* Work item
From the line containing "Exceptional Cars Series" to the final line of the entries, every line is to be reproduced exactly; no other line belongs in the output.

* The data
Content starts

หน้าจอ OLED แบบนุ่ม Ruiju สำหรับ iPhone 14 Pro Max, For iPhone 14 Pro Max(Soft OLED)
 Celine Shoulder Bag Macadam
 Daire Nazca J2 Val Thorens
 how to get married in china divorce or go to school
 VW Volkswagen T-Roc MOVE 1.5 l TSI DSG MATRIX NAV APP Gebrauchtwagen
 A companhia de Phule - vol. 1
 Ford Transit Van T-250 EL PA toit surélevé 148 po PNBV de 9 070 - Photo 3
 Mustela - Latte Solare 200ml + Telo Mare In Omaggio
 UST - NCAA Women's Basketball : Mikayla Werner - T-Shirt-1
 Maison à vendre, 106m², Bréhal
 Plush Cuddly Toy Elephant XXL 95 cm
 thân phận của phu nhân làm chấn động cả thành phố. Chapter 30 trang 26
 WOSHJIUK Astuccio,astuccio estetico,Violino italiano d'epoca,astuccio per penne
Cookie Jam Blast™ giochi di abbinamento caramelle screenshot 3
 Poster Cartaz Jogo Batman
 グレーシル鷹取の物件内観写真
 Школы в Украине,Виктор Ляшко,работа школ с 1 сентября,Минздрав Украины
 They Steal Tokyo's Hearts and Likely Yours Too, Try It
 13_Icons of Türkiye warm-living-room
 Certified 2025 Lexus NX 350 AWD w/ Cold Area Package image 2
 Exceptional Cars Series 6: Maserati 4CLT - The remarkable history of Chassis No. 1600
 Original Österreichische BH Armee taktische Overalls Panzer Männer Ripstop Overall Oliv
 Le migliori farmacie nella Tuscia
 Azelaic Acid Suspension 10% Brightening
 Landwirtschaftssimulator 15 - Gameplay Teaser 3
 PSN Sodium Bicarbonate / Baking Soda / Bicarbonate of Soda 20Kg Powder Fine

Content ends

* Response area
 Exceptional Cars Series 6: Maserati 4CLT - The remarkable history of Chassis No. 1600
 Original Österreichische BH Armee taktische Overalls Panzer Männer Ripstop Overall Oliv
 Le migliori farmacie nella Tuscia
 Azelaic Acid Suspension 10% Brightening
 Landwirtschaftssimulator 15 - Gameplay Teaser 3
 PSN Sodium Bicarbonate / Baking Soda / Bicarbonate of Soda 20Kg Powder Fine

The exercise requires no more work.